Gulfport is a city in Pinellas County, Florida, United States, bordering St. Petersburg, South Pasadena, and Boca Ciega Bay. The population of Gulfport was 11,783 at the 2020 census. Gulfport is part of the Tampa–St. Petersburg–Clearwater metropolitan statistical area.

==History==
Archaeological digs around Boca Ciega Bay indicate that settlements existed in the area circa 8000 to 3000 BC. The area was also densely populated during the Safety Harbor period. In 1528, the Spanish explorer Pánfilo de Narváez landed on the Pinellas peninsula, some say near present-day Gulfport, where he encountered the local Timucuan people.

Gulfport has been known by several names since its founding. The first settler in what would become Gulfport were James and Rebecca Barnett in 1868, and named the area Barnett's Bluff. As other settlers trickled in and homesteaded the area, the settlement became known as Bonifacio around 1880. In 1884, Philadelphia financier Hamilton Disston envisioned a thriving port town that he called Disston City. However, the United States Postal Service would not recognize the name as it conflicted with a town in Hillsborough County, and the name Bonifacio was retained. Once that community folded in 1890, the Post Office allowed Bonifacio to be renamed as Disston City.
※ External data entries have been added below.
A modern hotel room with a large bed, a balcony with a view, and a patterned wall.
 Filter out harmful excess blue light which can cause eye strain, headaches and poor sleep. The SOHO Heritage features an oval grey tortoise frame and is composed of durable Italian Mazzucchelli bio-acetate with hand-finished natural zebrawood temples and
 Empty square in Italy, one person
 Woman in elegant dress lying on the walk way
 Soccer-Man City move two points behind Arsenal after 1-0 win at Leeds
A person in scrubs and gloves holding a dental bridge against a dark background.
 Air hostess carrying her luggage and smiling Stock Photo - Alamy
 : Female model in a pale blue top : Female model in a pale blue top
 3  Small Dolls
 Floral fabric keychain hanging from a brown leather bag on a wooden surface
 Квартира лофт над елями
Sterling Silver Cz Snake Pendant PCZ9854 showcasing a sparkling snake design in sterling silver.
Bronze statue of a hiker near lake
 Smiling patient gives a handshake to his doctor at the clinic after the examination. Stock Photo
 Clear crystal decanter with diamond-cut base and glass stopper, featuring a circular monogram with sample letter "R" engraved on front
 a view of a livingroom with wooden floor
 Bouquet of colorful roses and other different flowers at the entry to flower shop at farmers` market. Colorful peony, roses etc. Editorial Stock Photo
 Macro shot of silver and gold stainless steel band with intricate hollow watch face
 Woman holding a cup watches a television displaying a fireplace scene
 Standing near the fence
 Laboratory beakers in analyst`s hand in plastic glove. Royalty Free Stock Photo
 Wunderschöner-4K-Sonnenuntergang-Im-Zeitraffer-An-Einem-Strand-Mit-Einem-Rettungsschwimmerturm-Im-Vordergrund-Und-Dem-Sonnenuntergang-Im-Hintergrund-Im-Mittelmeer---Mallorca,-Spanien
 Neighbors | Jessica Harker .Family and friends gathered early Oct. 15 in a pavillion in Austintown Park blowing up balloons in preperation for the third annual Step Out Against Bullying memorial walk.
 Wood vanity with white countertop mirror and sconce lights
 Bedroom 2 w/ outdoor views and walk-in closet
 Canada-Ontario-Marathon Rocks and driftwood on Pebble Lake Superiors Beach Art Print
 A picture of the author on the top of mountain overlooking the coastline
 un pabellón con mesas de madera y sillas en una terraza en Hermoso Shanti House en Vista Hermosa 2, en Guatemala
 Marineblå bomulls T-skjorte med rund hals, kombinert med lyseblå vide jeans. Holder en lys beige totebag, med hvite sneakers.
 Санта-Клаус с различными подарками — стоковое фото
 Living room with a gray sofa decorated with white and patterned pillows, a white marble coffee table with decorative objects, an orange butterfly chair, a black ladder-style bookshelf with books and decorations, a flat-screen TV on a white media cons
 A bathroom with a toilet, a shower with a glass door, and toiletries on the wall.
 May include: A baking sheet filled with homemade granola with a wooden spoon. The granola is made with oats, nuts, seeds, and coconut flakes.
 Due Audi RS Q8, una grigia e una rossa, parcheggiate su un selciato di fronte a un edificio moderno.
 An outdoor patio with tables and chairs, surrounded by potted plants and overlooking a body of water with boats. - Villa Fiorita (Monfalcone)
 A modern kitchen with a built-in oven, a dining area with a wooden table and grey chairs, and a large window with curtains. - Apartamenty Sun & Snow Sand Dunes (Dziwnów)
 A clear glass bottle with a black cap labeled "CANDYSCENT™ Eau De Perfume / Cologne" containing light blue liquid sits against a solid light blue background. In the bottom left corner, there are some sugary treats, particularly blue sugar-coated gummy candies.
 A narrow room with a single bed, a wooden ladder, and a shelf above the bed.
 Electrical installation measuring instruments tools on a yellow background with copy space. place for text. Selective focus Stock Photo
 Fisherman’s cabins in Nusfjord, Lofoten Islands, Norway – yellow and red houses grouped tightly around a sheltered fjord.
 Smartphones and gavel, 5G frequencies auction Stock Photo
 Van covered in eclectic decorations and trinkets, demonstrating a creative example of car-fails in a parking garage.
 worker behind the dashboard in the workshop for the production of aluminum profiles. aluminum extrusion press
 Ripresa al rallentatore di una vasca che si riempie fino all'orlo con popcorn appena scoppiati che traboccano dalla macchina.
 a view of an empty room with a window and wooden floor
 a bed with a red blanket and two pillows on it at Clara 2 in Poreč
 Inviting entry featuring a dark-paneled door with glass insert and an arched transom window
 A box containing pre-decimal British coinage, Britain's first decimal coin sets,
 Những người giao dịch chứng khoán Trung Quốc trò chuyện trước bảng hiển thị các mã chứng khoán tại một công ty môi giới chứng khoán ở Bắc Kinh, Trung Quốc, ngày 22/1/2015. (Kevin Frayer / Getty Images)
In 1905, the town name was changed to Veteran City to reflect John Chase's vision for a retirement community of Civil War veterans. On October 12, 1910, the name changed officially to Gulfport when it got incorporated at the Gulf Casino located on the dock of Electric Railroad Company.

On April 1, 1886, a man named W. J. McPherson, who had moved to Disston City from Deland the previous year, published The Sea Breeze, which was the first newspaper for the lower Pinellas Peninsula. With a population of about 150 people, Disston City was the largest settlement on the lower peninsula in the 1880s.

During the first two decades of the 20th century, there was a considerable leftist movement in Florida. This included Gulfport electing E. E. Wintersgill, a Socialist mayor, in 1910 and having four Socialists to one Democrat sitting on the town's council.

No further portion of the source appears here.